» **Exercise**:
Retype the whole listing below, character for character.

» **Data for this exercise**:
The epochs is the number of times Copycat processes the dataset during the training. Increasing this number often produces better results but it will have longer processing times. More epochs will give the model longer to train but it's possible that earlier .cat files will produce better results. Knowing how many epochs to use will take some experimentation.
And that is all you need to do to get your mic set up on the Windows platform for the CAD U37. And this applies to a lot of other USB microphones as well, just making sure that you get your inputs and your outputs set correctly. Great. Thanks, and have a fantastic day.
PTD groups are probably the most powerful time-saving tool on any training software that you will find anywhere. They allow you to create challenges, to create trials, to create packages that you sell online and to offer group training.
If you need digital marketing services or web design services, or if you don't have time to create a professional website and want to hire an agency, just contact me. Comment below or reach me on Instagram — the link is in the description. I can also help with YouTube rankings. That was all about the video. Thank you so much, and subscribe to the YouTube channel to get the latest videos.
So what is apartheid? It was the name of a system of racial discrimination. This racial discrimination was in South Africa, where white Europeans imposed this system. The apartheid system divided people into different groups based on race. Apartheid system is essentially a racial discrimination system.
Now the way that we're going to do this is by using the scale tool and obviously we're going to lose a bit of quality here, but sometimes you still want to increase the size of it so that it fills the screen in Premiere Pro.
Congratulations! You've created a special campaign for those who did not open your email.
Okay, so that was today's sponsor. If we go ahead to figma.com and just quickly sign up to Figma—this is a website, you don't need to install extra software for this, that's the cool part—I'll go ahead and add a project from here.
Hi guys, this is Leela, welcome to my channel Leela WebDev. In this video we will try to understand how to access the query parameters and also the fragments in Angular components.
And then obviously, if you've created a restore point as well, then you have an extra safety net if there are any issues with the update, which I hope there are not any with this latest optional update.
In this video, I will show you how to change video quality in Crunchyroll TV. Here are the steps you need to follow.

» **Result**:
The epochs is the number of times Copycat processes the dataset during the training. Increasing this number often produces better results but it will have longer processing times. More epochs will give the model longer to train but it's possible that earlier .cat files will produce better results. Knowing how many epochs to use will take some experimentation.
And that is all you need to do to get your mic set up on the Windows platform for the CAD U37. And this applies to a lot of other USB microphones as well, just making sure that you get your inputs and your outputs set correctly. Great. Thanks, and have a fantastic day.
PTD groups are probably the most powerful time-saving tool on any training software that you will find anywhere. They allow you to create challenges, to create trials, to create packages that you sell online and to offer group training.
If you need digital marketing services or web design services, or if you don't have time to create a professional website and want to hire an agency, just contact me. Comment below or reach me on Instagram — the link is in the description. I can also help with YouTube rankings. That was all about the video. Thank you so much, and subscribe to the YouTube channel to get the latest videos.
So what is apartheid? It was the name of a system of racial discrimination. This racial discrimination was in South Africa, where white Europeans imposed this system. The apartheid system divided people into different groups based on race. Apartheid system is essentially a racial discrimination system.
Now the way that we're going to do this is by using the scale tool and obviously we're going to lose a bit of quality here, but sometimes you still want to increase the size of it so that it fills the screen in Premiere Pro.
Congratulations! You've created a special campaign for those who did not open your email.
Okay, so that was today's sponsor. If we go ahead to figma.com and just quickly sign up to Figma—this is a website, you don't need to install extra software for this, that's the cool part—I'll go ahead and add a project from here.
Hi guys, this is Leela, welcome to my channel Leela WebDev. In this video we will try to understand how to access the query parameters and also the fragments in Angular components.
And then obviously, if you've created a restore point as well, then you have an extra safety net if there are any issues with the update, which I hope there are not any with this latest optional update.
In this video, I will show you how to change video quality in Crunchyroll TV. Here are the steps you need to follow.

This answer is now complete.